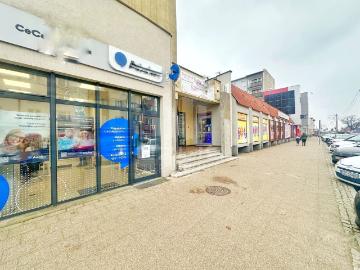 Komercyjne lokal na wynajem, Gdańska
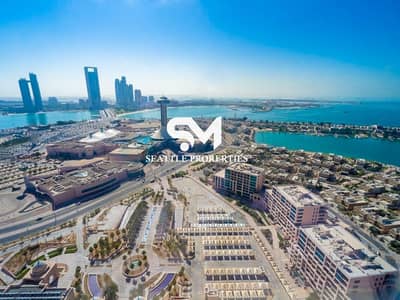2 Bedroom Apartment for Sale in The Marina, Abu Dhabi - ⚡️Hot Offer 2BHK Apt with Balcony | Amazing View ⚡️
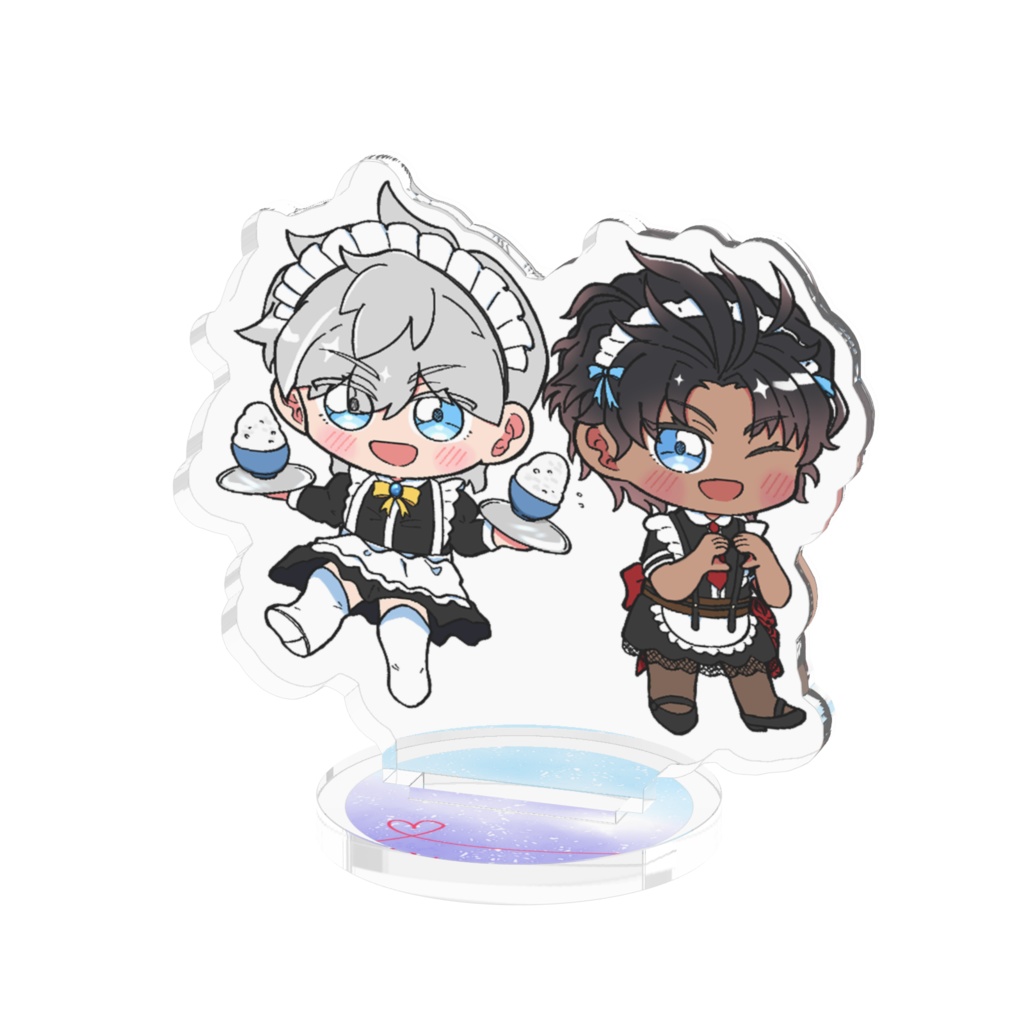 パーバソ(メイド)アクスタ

* * *

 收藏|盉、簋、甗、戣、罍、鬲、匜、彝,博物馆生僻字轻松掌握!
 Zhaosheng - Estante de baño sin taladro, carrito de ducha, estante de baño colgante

--- Problem requirements ---
The answer is the lines above between the line holding "收藏|盉、簋、甗、戣、罍、鬲、匜、彝,博物馆生僻字轻松掌握!" and the line holding "Zhaosheng - Estante", inclusive, each written out exactly, and no others.

--- Result of this exercise ---
 收藏|盉、簋、甗、戣、罍、鬲、匜、彝,博物馆生僻字轻松掌握!
 Zhaosheng - Estante de baño sin taladro, carrito de ducha, estante de baño colgante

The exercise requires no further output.